§ **What is required**
Where the line containing "Quarto moderno com" appears below, start there and repeat each line exactly to the end. Leave the pictures out.

§ **Provided data**

+ + + + +

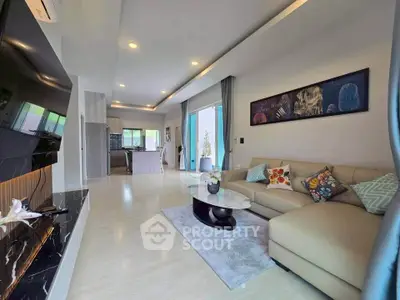 Spacious modern living room with open kitchen and stylish decor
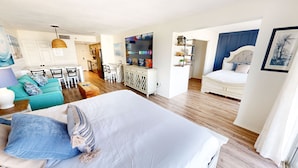 Quarto moderno com uma cama grande, área de estar com sofá e poltronas, cozinha ao fundo e TV fixada na parede.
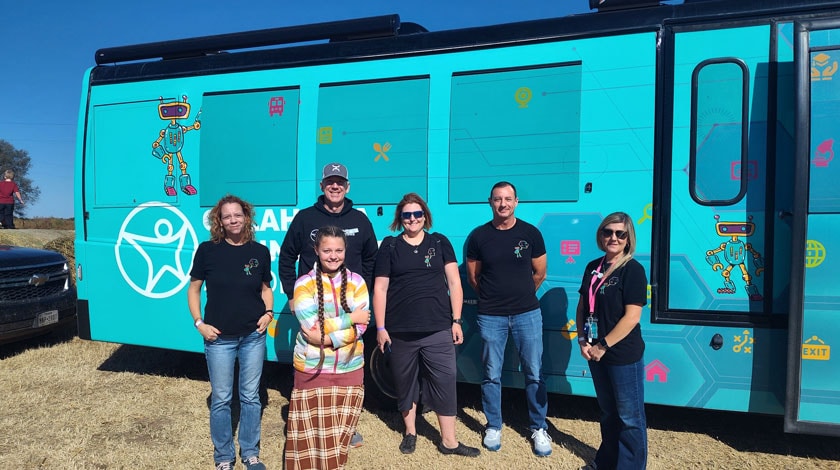 A group of Oklahoma Connections Academy staff and a student standing outside the Mobile STEM Lab Bus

+ + + + +

§ **Reply to the exercise**
 Quarto moderno com uma cama grande, área de estar com sofá e poltronas, cozinha ao fundo e TV fixada na parede.
 A group of Oklahoma Connections Academy staff and a student standing outside the Mobile STEM Lab Bus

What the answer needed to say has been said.